また、神奈川工業塗装協同組合は独自に塗装マイスターという認定制度を設けており、今回もマイスター作品が数多く展示された。

石川理事長は「今年も新しい作品が出ており、芸術作品と呼べるような出品も多い。もともと職人は芸術家肌が結構いるので、彼らが能力を発揮してくれている」としてマイスター作品の展示にも工夫を凝らし、ライトアップで作品の見栄えを演出していた。

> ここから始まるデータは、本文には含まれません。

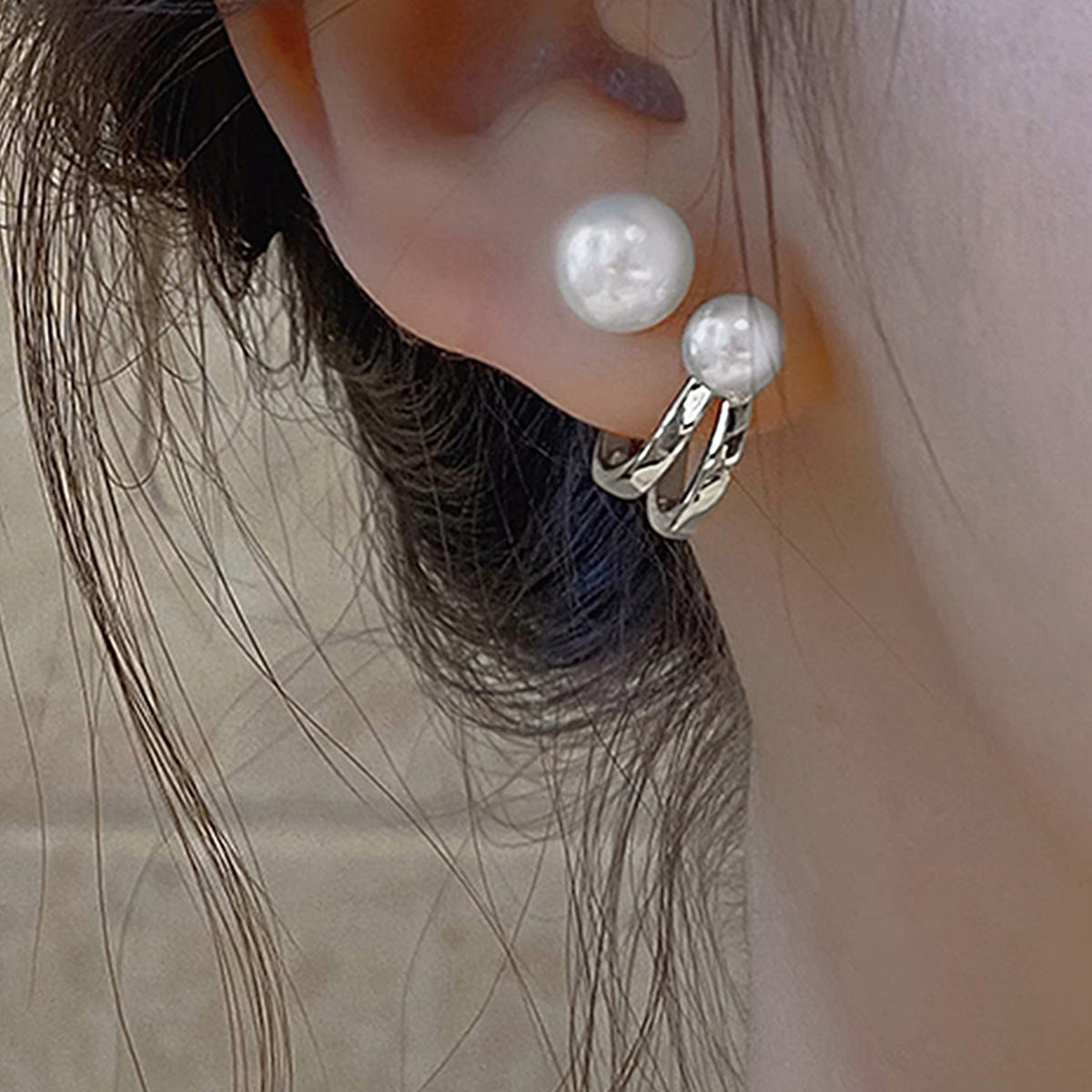 Double Perle Statement Øredobber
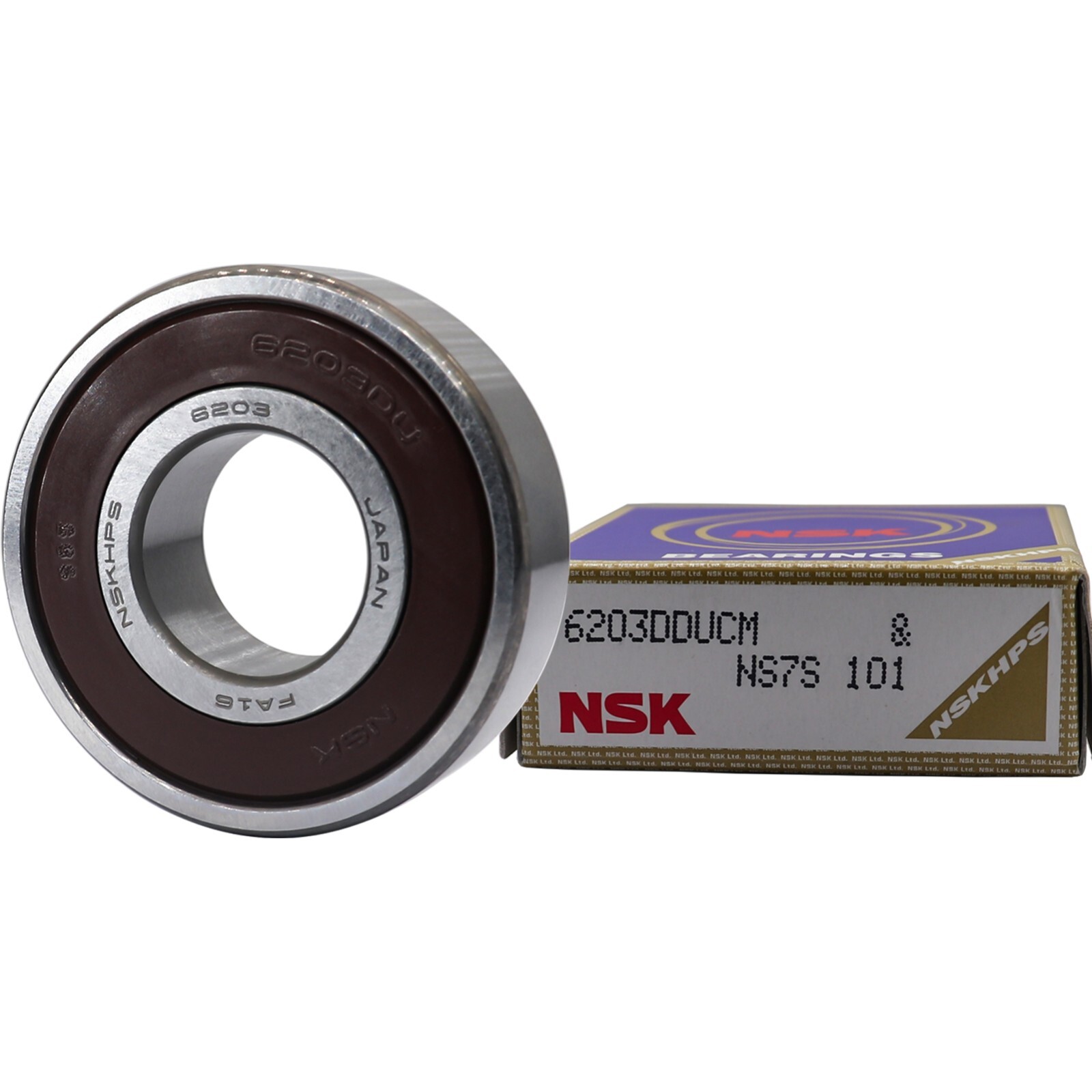 (Qty.2) NSK 6203DDU 6203-2RS RUBBER SEALED Bearings17X40X12 mm Made In Japan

今年6月には神奈川県庁で1週間展示し、石川理事長らが黒岩祐治神奈川県知事に塗装技能の説明を行う予定。

主な受賞作品:〈指定作品〉神奈川県知事賞 古谷幸路氏(第一塗装工業)△神奈川労働局長賞 木下力氏(第一塗装工業)△横浜市長賞 三浦由和氏(神奈川パーカー)△川崎市長賞 大橋瑞生氏(第一塗装工業)△神奈川県職業能力開発協会会長賞 西川孝氏(日栄美装)△横浜企業経営支援財団理事長賞 アンビジョマルカブグオス氏(立神工業)△神奈川県工業塗装協同組合顧問賞 林栄治氏(林塗装工業所)
 〈自由作品〉神奈川県議会議長賞 今成俊文氏(創和美装)△神奈川県中小企業団体中央会会長賞 村石健太氏(テクノコート)△神奈川県技能士会連合会会長賞 西田泰雄氏(西田金属塗装工業所)△日本工業塗装協同組合連合会会長賞 細野渡氏(テクノコート)など。